### Task
Answer with a single number: the count of lines below that hold "Short".

····················

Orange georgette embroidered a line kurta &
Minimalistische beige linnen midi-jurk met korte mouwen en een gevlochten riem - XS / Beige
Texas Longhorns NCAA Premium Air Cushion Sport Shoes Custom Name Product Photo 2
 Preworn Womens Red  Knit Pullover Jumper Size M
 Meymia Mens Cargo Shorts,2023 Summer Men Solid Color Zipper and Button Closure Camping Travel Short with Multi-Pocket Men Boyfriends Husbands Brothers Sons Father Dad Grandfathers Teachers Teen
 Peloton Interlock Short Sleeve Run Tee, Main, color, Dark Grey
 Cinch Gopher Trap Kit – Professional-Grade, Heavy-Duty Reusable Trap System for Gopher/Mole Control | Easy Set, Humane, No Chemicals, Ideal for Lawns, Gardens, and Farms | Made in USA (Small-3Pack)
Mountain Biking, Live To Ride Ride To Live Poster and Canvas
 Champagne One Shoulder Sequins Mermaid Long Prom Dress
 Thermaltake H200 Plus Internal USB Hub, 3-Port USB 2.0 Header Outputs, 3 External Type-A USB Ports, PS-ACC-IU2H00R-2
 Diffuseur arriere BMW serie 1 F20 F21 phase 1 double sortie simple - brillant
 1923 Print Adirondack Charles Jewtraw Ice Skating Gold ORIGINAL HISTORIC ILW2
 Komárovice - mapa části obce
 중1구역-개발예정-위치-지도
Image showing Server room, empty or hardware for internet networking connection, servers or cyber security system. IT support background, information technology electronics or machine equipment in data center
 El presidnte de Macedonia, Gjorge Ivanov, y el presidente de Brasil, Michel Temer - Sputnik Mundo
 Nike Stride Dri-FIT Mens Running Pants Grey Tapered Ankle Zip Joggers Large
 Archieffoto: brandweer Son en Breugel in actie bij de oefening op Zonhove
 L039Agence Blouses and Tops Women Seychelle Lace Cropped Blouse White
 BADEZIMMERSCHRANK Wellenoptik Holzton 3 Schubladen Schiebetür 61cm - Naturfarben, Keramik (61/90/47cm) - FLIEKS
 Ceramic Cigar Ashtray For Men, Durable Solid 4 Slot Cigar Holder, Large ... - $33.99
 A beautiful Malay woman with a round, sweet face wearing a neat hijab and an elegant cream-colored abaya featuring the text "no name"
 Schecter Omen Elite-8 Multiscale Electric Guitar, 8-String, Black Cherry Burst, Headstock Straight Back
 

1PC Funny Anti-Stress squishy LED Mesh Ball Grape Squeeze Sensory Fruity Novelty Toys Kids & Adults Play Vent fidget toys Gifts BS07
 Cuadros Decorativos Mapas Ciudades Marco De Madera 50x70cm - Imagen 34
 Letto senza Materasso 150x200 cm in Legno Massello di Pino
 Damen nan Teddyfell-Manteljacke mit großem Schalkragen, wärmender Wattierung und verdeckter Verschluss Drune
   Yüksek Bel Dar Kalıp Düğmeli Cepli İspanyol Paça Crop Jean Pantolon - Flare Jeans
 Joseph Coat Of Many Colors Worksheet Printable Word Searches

····················

### Solved problem
2